2) The belief that Genesis is literally, and thus scientifically, true is creationism. It is not Intelligent Design. ID takes no formal position on any of the questions raised by the Genesis account. Genesis could be shown to be completely wrong in every particular and Intelligent Design would be unaffected.

3) Intelligent Design is not a theory "of how the world began." It says nothing about how the world originated. The theory of Intelligent Design makes only two claims: First, it claims that blind, unguided, impersonal forces and processes are not adequate by themselves to account either for the exquisite fine-tuning of the cosmos in every aspect of its structure, nor the high level of information found in the biosphere. Second, it claims that any adequate explanation of both the pervasive fine-tuning of the cosmos and the high information content of living things must somehow include intelligent agency.

Sullivan shows that he doesn't understand what's going on in the current debate any better than does Glendhill when he offers this comment:

The Catholic bishops of England tell American fundamentalists the bleeding obvious: not everything in the Bible is literally true. Money quote: "We should not expect to find in Scripture full scientific accuracy or complete historical precision." Of course. Anyone who believes that the world was literally created in six days a few thousand years ago is not expressing his or her "religious beliefs". Believing something that is demonstrably and empirically untrue is not religion. It is simply superstition or lunacy. It has nothing to do with faith in things we cannot know. The notion that it should actually be taught in public schools as science is beneath even debating.

This is a classic straw man fallacy. Sullivan wants the reader to believe that what's at stake in efforts like that currently being fought out in the courts in Kitzmiller v.
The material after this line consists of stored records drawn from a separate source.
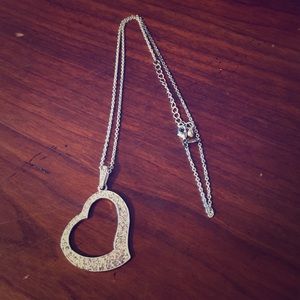 Sparkly Heart Necklace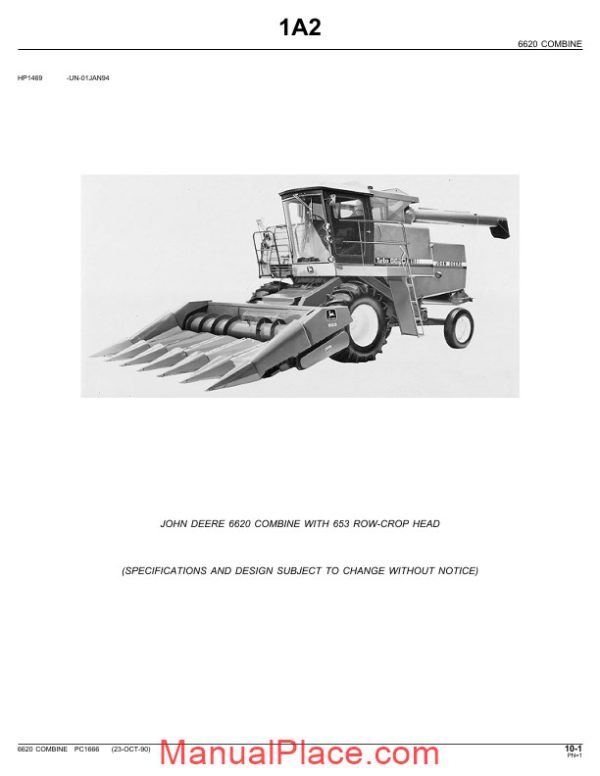 john deere 6620 parts catalog page 1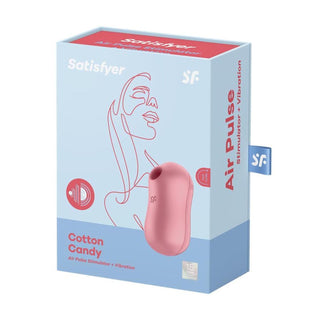 Satisfyer Cotton Candy Air Stimulator Light Red - Clitoris Stimulator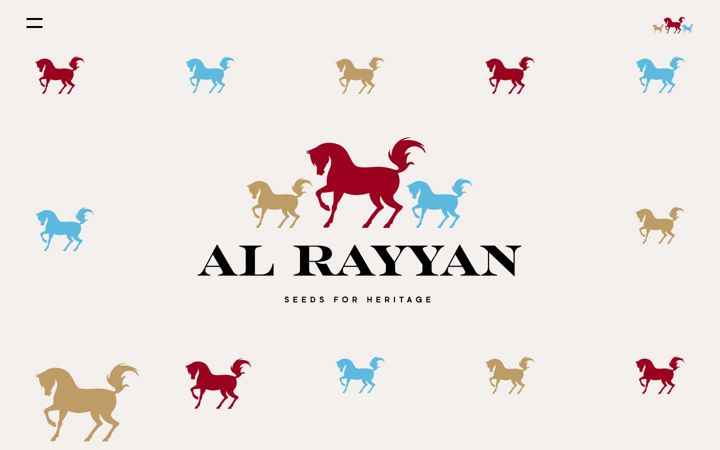Captură de ecran a alrayyanfarm.com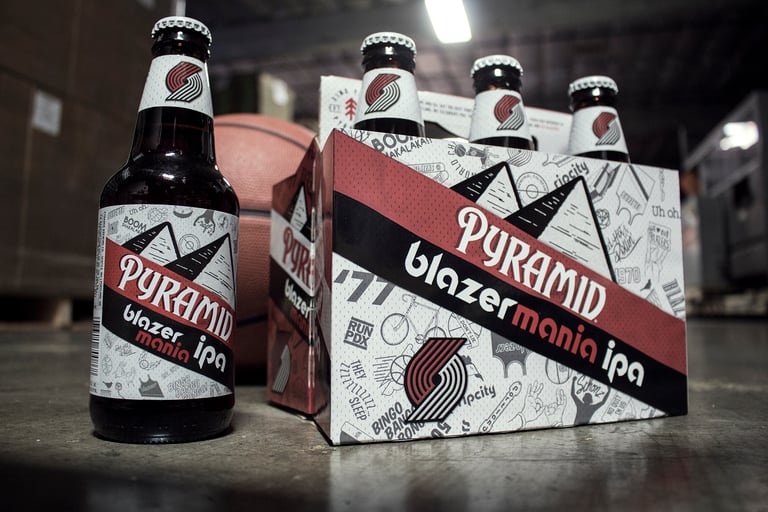 Pyramid Brewing Co. Brews an IPA for the Portland Trailblazers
Dover is whether students will be taught that "the world was literally created in six days a few thousand years ago." This, of course, is not at all what is at issue despite the attempts of the plaintiffs in the Kitzmiller case to create that impression.

What is being contended in the Dover case is whether a school board should have the right to insist that when biology teachers instruct students that life is the product solely of blind, unguided, impersonal processes that they also point out that not all scientists nor philosophers think that to be true. Some of them, perhaps many of them, think that intelligence must somehow have been involved.

It would be interesting to see Mr. Sullivan or the Catholic bishops demonstrate that any of this is "demonstrably and empirically untrue."